Racial microaggressions; insults, invalidations: These are brief and commonplace verbal, behavioral, and environmental indignities, intentional or unintentional; slights or insults. They are directed at members of certain racial groups, but can also be directed at members of any marginalized group–gender, sexual orientation, etc. The originator’s intention is less important than the recipient’s perception of being insulted or dismissed.
Examples of incivility: Using derogatory terms, insulting jokes, intellectual belittlement, ignoring contributions, silent treatment; flaunting status, attempting to turn others against the target, deliberate exclusion, lack of feedback or guidance, deliberately overloading the target with work.
What are the consequences to the organization? Targeted employees suffer ‘death by a thousand cuts—‘ exhaustion, frustration, isolation, depression, anger, anxiety …. Organizational consequences: cost of replacing employees who leave, reduced productivity as other staff members get drawn into the situation; negative publicity, other staff acting in kind and setting up a cycle of hostile behavior.
What can the organization do? Holding diversity workshops is not enough. The organization should have zero tolerance for this behavior at any level; listen carefully to employees; and not make excuses for powerful instigators. Establish support for employees who have experienced incivility or aggression; document incidents/events; examine your own assumptions and behavior; engage in and encourage dialogue.
(Dis)Abled: Transforming Disabling Library Spaces. Presenters: Lorelei Rutledge and Alfred Mowdood (U. Utah)
Providing services to students with impairments is not about adapting to their disabilities but understanding how current library practices are disabling to some students. This can be applied to students of different cultures as well as students with impairments. The University of Utah’s response has been to develop a cultural competence program for librarians, library staff and student workers. The emphasis is on respect for differences of all kinds, listening carefully and respectfully to library users, extensive and ongoing staff training, and aligning with the values and initiatives of the university.

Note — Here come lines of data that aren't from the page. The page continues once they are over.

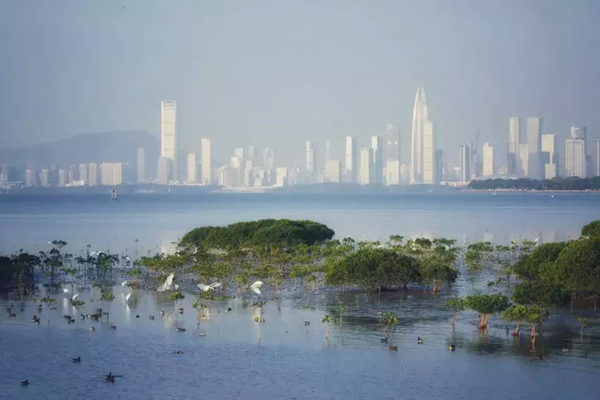 深圳:超大型城市也能留足生態空間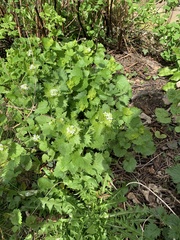 Alliaria petiolata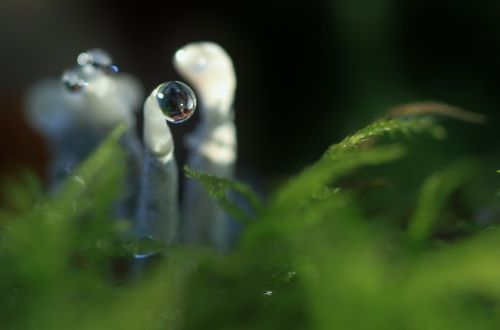 drip mushroom raindrop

Serving Those Who Serve: Outreach and Instruction for Cadets and Student Veterans. Presenters: Nancy Fawley (U. Alabama); Nikki Krysak (Norwich U.)
Cadets have very structured training and class schedules—similar to those of many student athletes. Because of these demands, cadets often have problems balancing their military training and academic work. Veterans are often older than other students, have a greater respect for authority, and have led units in difficult situations. But they may be uncomfortable seeking help with academic issues or speaking with others about their military service. They may also have ‘invisible’ impairments such as post-traumatic stress syndrome (PTSD) that can manifest itself in subtle ways, affecting their ability to function in the classroom.

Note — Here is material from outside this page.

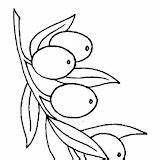Olive Coloring Pages sketch template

The library can help cadets and veterans by setting up peer mentoring programs to help new cadets/veteran students, providing workshops and self-service study tools (such as online resource guides to various subjects), and creating study spaces that are comfortable and safe for veterans who may be suffering from PTSD.
Mutant Superheroes, Contained Chaos, and Smelly Pets: Library Innovation Through Imaginary Anarchy. Presenter: Keith Gilbertson (Virginia Tech)
Gilbertson gave a very personal, engaging talk on the importance of listening to and supporting staff with differences, and their unique ability to contribute to organizational innovation and change. His job at Virginia Tech is to subvert current practices in a progressive way. The trick is to do this while still advancing the institution’s goals.